Columbia International Affairs Online: Working Papers

CIAO DATE: 10/2011

Making the Transition: From Middle-Income to Advanced Economies

Alejandro Foxley, Fernando Sossdorf

September 2011

Carnegie Endowment for International Peace

Abstract

Few middle-income countries have successfully transitioned into advanced economies in the past twenty years. As the world struggles with a new economic slowdown, middle-income countries should look at the lessons from the economies that successfully made the jump. The more successful countries in the bunch—particularly Finland and South Korea—set themselves apart from the rest by investing early in improving the quality of education and inducing high investment in research and development. By opening up to world trade and using tax incentives and access to subsidized credit, successful countries were able to attract foreign direct investment in high-technology sectors.
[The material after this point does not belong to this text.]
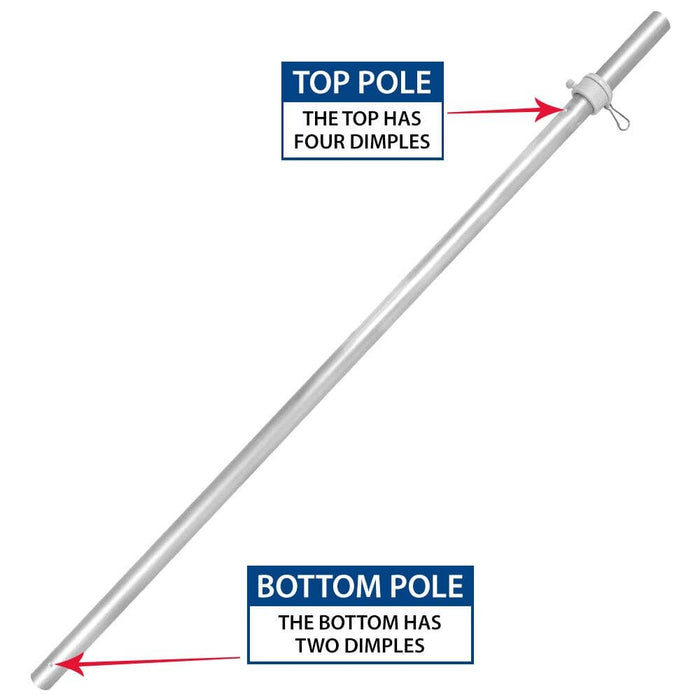 11.5' Open Red and Yellow Feather Flag & Pole Kit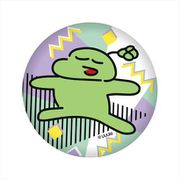のばまんゲームス 缶バッジ B. 寝ながら歩くよつろん [キャラクターグッズ]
And to allow for continued growth, Finland and South Korea were able to turn financial crises into opportunities to undertake much-needed economic reforms—this was only possible because there were broad political and social agreements on the essential elements for sustaining high growth rates. But not every newly developed economy enjoyed this level of success, notably Spain, Portugal, and Ireland. Domestic demand led to phases of high growth, but these weren’t accompanied by countercyclical fiscal and monetary policies and effective regulation of the financial sector. Inevitably, high inflation, loss of competitiveness, and slow or negative growth ensued. The situations were made worse by fixed exchange rate regimes like the euro area, rigid labor markets, and a lack of competition in key markets, such as utilities and banking. With these experiences in mind, there are four lessons that middle-income countries should learn to increase the probability that they will break through the so-called middle-income trap and successfully maintain strong economic growth rates.